Famed author and black leader Frederick Douglass said of his first encounter with Lincoln,
“From the first moment of my interview with him I seemed to myself to have been acquainted with him for years.”
The Woodman’s Daughter
Virginian W.C. Reeves advised President Lincoln to appease the South and let them have Fort Sumter and all other government property in the Southern states without a fight.
Lincoln said, “That reminds me of the fable of the woodman’s daughter”
“A lion,” said the President, “was very much in love with a woodman’s daughter. The fair maid referred him to her father. The lion applied for the girl’s hand.”
The father replied, “Your teeth are too long.”
The lion went to a dentist and had them extracted. Returning, he asked for the bride.
“No,” said the woodman, “your claws are too long.”
Going back to the dentist, he had them drawn. Then he returned to claim his bride, and the woodsman, seeing that he was unarmed beat out his brains.”
Lincoln concluded, “May it not be so with me, if I give up all that is asked to appease the South?”
Lick Any Man in the Crowd
Many people felt that the Gen. Ulysses S. Grant be removed from command because He drank too much, and his troops suffered too many casualties. Mr. Lincoln could night afford to lose the services of so valuable a soldier. The press nicknamed him “Unconditional Surrender” Grant.
When southern armies would request to meet with Grant to discuss the terms of surrender, he would say “There are no terms! Only unconditional surrender!” because he would never negotiate terms of surrender with the rebels
Lincoln would tell the naysayers:
“That reminds me of a story,
“Out in my State of Illinois there was a man nominated for sheriff of the county. He was a good man for the office, brave, determined and honest, but he could not make a speech to save his life.
His friends implored him to come out and state his convictions and principles.
He finally relented to make a speech, advanced to the front and faced the crowd.
‘Feller Citizens, ‘I’m not a speakin’ man; I ain’t no orator, an’ I never stood up before a lot of people in my life before.
I’m not goin’ to make no speech, ‘xcept to say that I can lick any man in the crowd!’ ”
The beauty of these stories are that Lincoln told them in the first place. He could have just argued until he was blue in the face. However, no amount of reasoning could have persuaded people the way his stores did.
Lincoln said, “I reckon I have the popular reputation of being a storyteller, but it is not the story itself, but its purpose, that interests me. I often avoid a long and useless discussion or a laborious explanation by a short story that illustrates my point of view.”
Connect With Hearts
Stories allow leaders the great virtue of being able to laugh at themselves, and connect with people’s hearts.

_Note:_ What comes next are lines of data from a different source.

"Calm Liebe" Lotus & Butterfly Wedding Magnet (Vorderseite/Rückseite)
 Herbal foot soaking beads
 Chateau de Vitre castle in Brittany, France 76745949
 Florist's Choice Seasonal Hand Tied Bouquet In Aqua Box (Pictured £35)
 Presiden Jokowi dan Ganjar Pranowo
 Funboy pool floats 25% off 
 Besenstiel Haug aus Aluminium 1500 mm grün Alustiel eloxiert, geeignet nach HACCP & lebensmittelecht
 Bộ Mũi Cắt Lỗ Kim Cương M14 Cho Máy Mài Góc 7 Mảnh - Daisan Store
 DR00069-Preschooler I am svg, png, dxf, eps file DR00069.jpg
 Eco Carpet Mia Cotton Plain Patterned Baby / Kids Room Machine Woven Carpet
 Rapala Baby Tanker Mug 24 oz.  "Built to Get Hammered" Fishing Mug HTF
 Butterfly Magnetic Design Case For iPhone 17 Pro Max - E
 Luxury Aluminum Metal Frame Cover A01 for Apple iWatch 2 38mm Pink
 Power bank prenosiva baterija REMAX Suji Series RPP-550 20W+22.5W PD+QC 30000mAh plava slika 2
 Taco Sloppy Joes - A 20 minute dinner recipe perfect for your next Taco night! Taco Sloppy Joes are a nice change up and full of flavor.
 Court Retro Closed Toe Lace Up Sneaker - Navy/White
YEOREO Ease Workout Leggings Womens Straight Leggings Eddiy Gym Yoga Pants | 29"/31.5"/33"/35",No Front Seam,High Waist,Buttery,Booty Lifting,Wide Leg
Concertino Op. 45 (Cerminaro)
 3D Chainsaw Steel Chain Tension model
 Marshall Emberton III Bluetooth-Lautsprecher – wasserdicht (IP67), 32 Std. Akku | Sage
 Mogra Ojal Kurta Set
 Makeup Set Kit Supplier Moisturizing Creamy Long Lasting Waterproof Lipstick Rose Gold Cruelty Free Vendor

One story that Lincoln was fond of telling dealt with two Quaker ladies comparing Lincoln and Confederate President Jefferson Davies.
“I think Jefferson will succeed,” said one.
“Why does thee think so?” asked the second.
“Because Jefferson is a praying man.”
“And so in Abraham a praying man.”
“Yes, but the Lord will think Abraham is joking.”
Lincoln’s proclivity to tell stories was related to the empathy he felt for people and the series of personal tragedies that followed him throughout life.
The strongest blow may have been when his eleven-year-old son, Willie, died of typhoid fever, while Lincoln was president. Willie had the same magnetic personality of his father and he was Lincoln’s favorite. They were intimates, often seen hand in hand. Staggering under the blow of the taking from him of his child, Lincoln said, “My poor boy, he was too good for this earth.”
Even in this darkest hour, Lincoln relied on stories to see him through. He confided to a minister, “A good story is medicine to my bones.”
Paint a Picture
Remember, next time you need to make a friend, illustrate a point, or win loyalty, – replace talking, with stories. And you’ll paint a picture that speaks a thousand words.
June 5th, 2015. Pascua Yaqui Youth Career Academy. Tucson, AZ.